** SUPPLIED DATA follows **

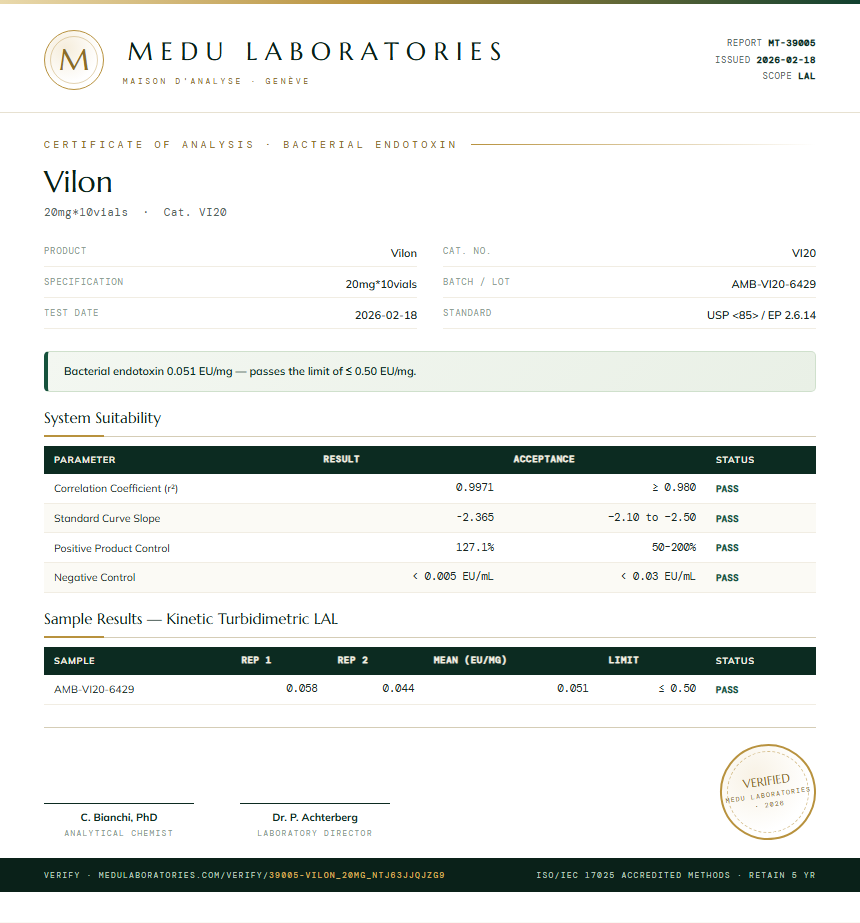 Vilon Endotoxin report by Medu Laboratories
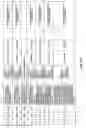 Fig. 70 - Antibacterial phage, phage peptides and methods of use thereof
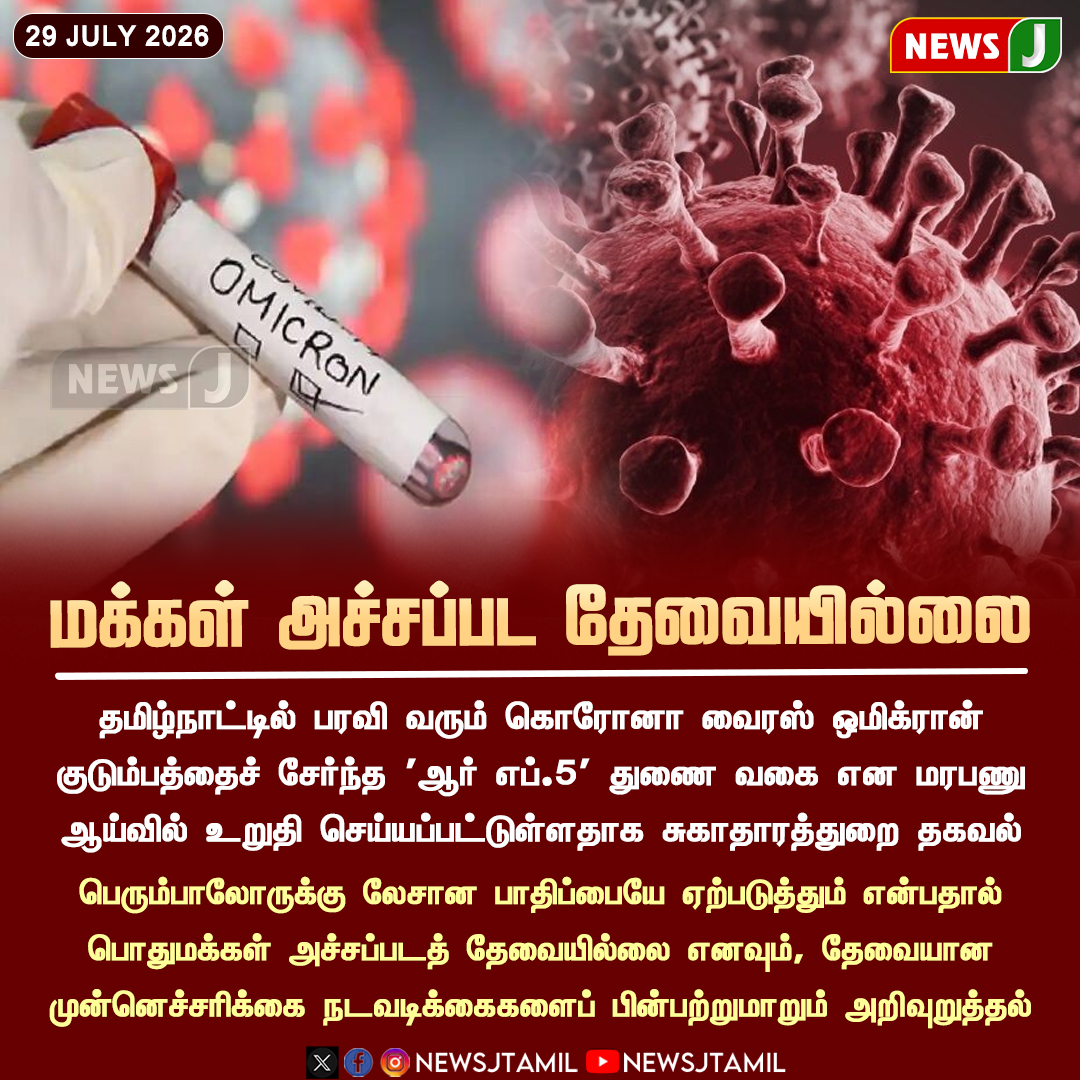NewsJTamil's tweet photo. #NEWSUPDATE || மக்கள் அச்சப்பட தேவையில்லை..!
#COVID19 #Coronavirus #Omicron #PublicHealth #HealthDepartment #TamilNadu #HealthUpdate #IndiaNews #MedicalNews #NewsJ https://t.co/E40j02R2mg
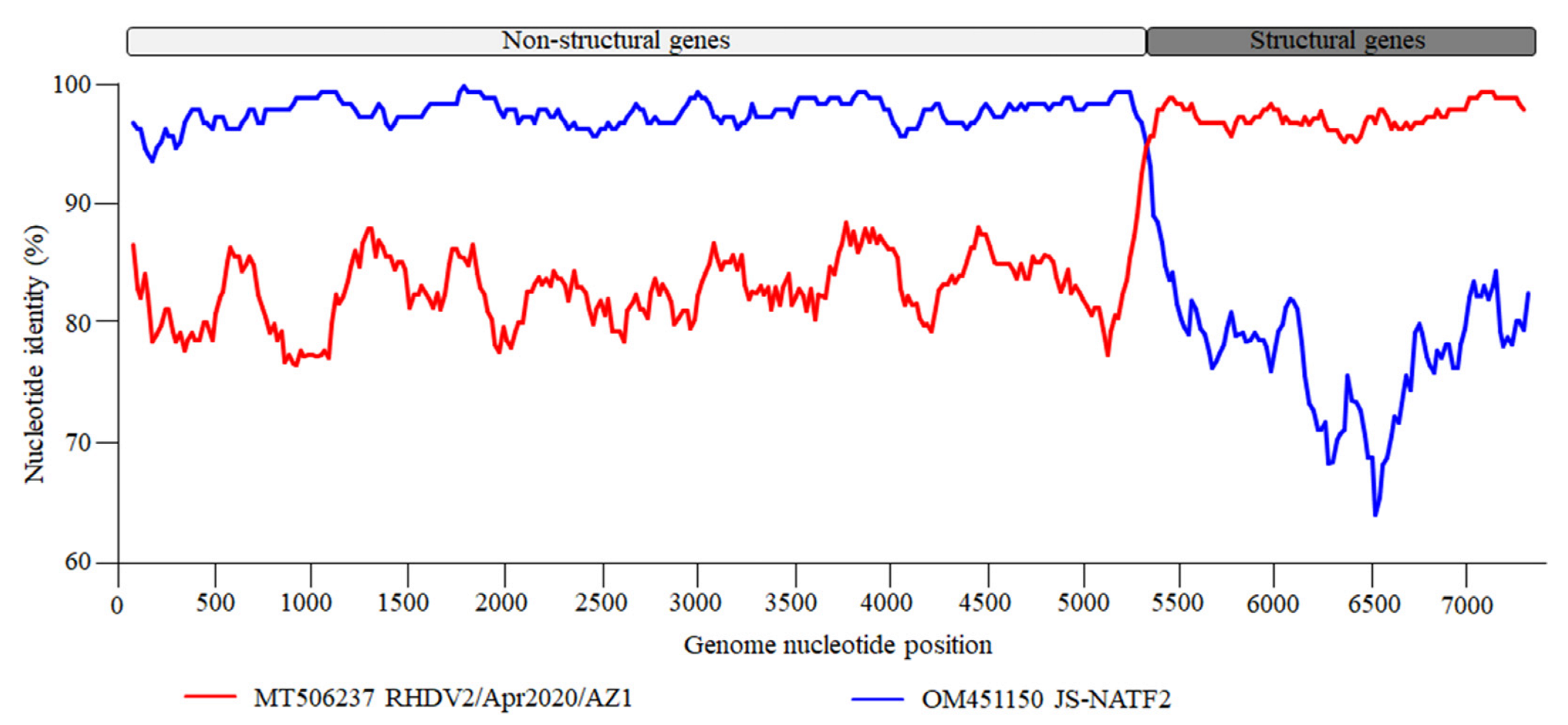 Viruses 17 00710 g002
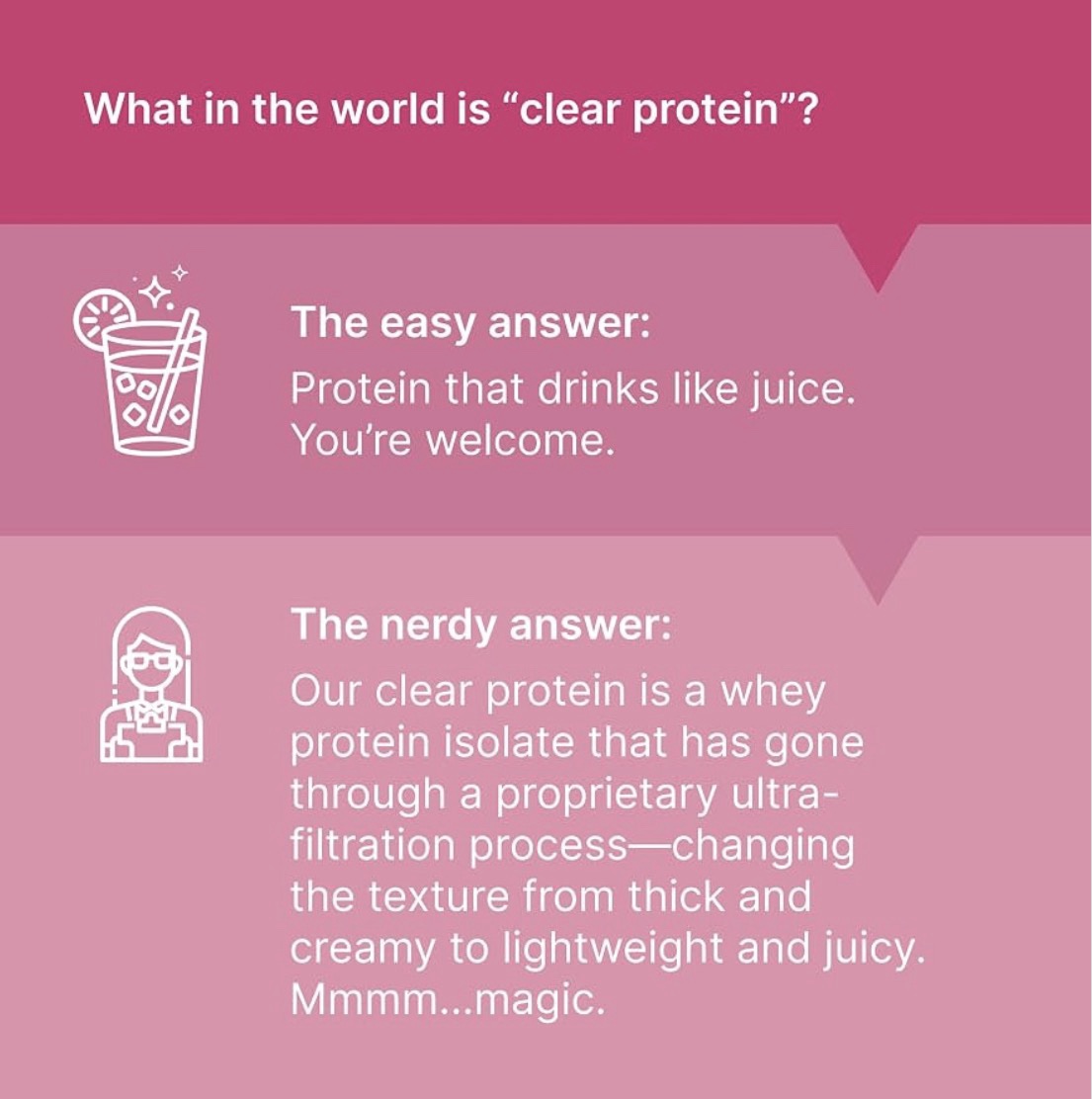 Oath Clear Whey Isolate Protein Powder - Imagen 8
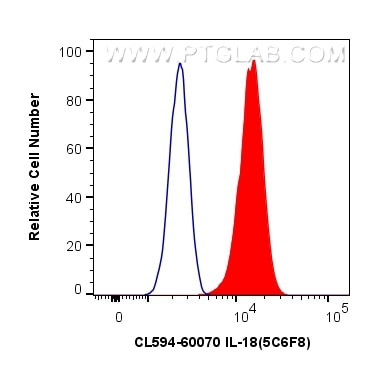 IL-18 Antibody in Flow Cytometry (Flow)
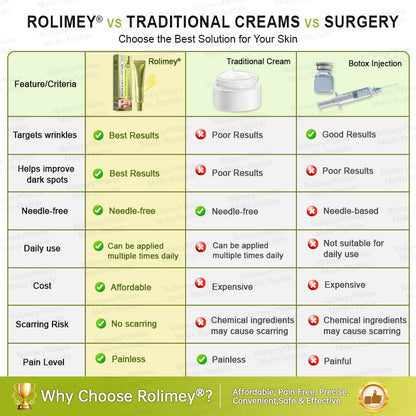 💐🌟💛Rolimey® Multi-Peptide Retinol Shot Wrinkle-Lift Cream
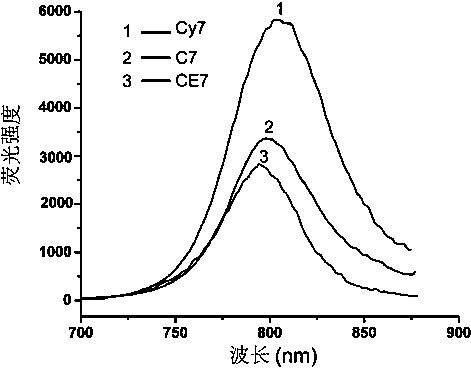 An erlotinib-cy7-chitosan polymer with tumor targeting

** End of SUPPLIED DATA **

PROBLEM TO WORK ON —
There should be an exact restatement of the lines from the line with "Fig. 70 - Antibacterial" through the last line of the entries above, and no pictures in it.

WRITTEN ANSWER —
 Fig. 70 - Antibacterial phage, phage peptides and methods of use thereof
NewsJTamil's tweet photo. #NEWSUPDATE || மக்கள் அச்சப்பட தேவையில்லை..!
#COVID19 #Coronavirus #Omicron #PublicHealth #HealthDepartment #TamilNadu #HealthUpdate #IndiaNews #MedicalNews #NewsJ https://t.co/E40j02R2mg
 Viruses 17 00710 g002
 Oath Clear Whey Isolate Protein Powder - Imagen 8
 IL-18 Antibody in Flow Cytometry (Flow)
 💐🌟💛Rolimey® Multi-Peptide Retinol Shot Wrinkle-Lift Cream
 An erlotinib-cy7-chitosan polymer with tumor targeting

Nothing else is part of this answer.